++++ THE INPUT ++++

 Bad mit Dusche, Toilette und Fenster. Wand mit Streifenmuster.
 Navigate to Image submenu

++++
++++ THE INPUT ++++

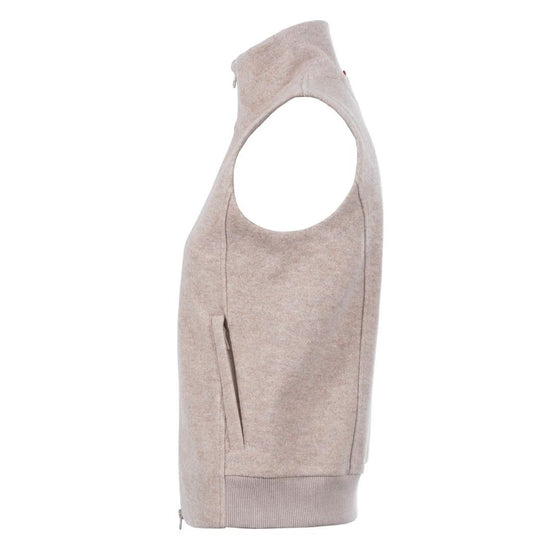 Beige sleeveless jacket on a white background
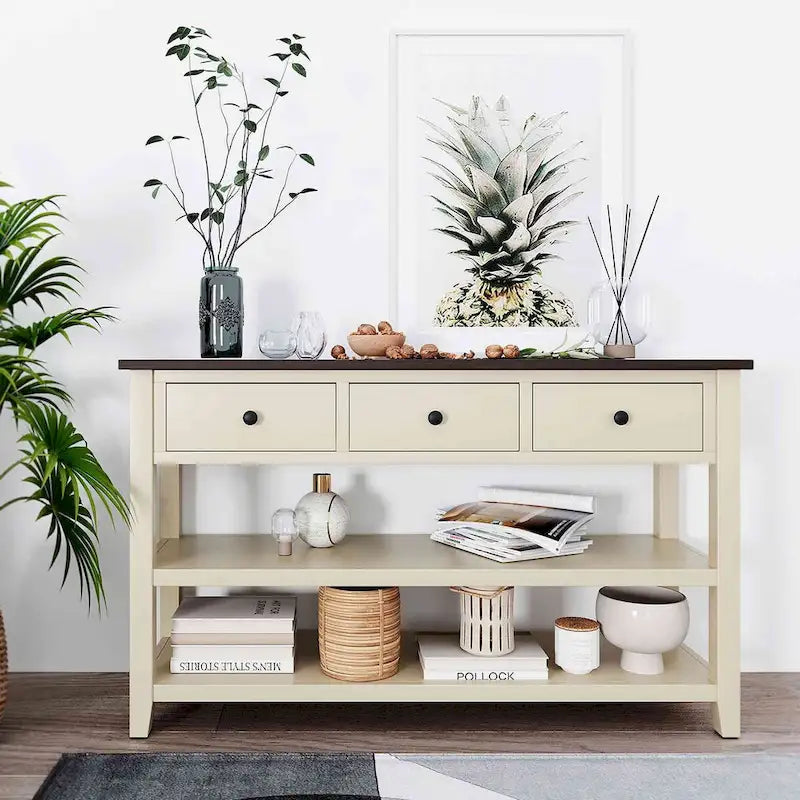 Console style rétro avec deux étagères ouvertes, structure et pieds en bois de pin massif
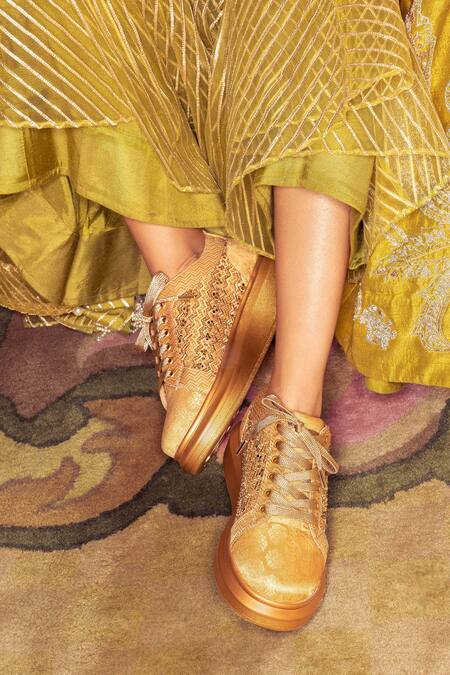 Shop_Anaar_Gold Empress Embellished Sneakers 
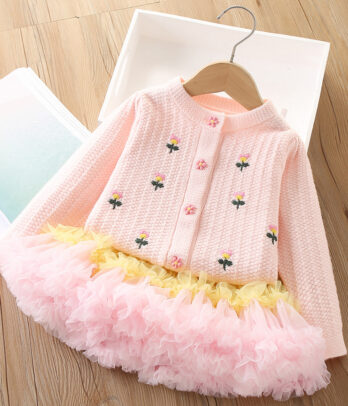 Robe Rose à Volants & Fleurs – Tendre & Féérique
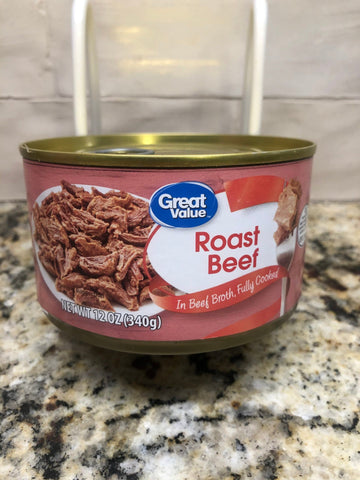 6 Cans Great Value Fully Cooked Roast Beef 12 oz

++++
++++ THE INPUT ++++

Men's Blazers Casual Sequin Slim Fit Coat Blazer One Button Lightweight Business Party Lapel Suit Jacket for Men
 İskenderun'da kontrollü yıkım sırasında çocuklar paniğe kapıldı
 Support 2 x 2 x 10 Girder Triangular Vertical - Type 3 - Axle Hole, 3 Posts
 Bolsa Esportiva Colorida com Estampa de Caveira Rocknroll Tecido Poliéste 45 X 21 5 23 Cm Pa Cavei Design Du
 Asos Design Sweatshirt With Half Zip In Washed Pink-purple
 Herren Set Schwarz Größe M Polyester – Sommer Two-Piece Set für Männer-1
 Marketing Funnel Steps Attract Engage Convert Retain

++++

▶ _EXERCISE OBJECTIVE_
Within the material above, transcribe exactly the lines that run from the line holding "Herren Set Schwarz" through the line holding "Marketing Funnel Steps".

▶ _ANSWER FOR THIS EXERCISE_
 Herren Set Schwarz Größe M Polyester – Sommer Two-Piece Set für Männer-1
 Marketing Funnel Steps Attract Engage Convert Retain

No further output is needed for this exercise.